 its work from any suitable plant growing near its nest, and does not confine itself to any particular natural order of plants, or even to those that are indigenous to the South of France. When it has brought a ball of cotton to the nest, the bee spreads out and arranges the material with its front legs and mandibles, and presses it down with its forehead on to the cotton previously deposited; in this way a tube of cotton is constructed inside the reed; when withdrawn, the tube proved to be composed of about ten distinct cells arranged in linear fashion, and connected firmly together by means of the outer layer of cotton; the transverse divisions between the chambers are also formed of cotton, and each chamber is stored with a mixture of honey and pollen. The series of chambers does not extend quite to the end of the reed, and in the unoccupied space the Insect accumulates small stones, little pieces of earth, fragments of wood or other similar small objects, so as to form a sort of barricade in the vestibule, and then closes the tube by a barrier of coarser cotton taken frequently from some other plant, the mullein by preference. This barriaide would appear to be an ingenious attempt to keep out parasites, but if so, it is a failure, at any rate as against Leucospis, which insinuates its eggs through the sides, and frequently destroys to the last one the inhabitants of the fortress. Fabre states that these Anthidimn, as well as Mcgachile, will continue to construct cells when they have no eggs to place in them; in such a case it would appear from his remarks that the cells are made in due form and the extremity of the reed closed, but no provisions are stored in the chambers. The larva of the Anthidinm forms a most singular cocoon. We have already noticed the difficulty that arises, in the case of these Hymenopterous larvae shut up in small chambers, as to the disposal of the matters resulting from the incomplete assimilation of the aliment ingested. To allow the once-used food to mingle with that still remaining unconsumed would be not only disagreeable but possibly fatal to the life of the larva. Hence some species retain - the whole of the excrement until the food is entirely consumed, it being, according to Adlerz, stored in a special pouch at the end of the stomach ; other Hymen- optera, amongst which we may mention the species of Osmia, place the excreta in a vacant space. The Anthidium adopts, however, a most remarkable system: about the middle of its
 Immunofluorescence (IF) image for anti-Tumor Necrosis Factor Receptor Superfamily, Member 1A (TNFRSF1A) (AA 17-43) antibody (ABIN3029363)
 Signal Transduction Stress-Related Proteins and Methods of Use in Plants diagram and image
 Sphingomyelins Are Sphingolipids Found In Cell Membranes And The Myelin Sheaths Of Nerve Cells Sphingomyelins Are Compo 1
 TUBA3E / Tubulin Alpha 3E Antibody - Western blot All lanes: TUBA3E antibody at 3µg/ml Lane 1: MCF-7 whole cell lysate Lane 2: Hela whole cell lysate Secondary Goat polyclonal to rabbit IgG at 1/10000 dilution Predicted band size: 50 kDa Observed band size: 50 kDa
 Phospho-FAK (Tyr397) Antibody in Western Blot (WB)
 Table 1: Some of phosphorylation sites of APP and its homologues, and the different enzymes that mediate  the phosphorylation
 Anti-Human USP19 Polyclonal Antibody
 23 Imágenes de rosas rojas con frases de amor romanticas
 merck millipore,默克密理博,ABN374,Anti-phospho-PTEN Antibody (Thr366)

------------------------------------------------

■ **Your instructions**:
Take the line that contains "23 Imágenes de" and each line after it through the end of the records, and repeat them all exactly. Nothing else.

■ **Final answer**:
 23 Imágenes de rosas rojas con frases de amor romanticas
 merck millipore,默克密理博,ABN374,Anti-phospho-PTEN Antibody (Thr366)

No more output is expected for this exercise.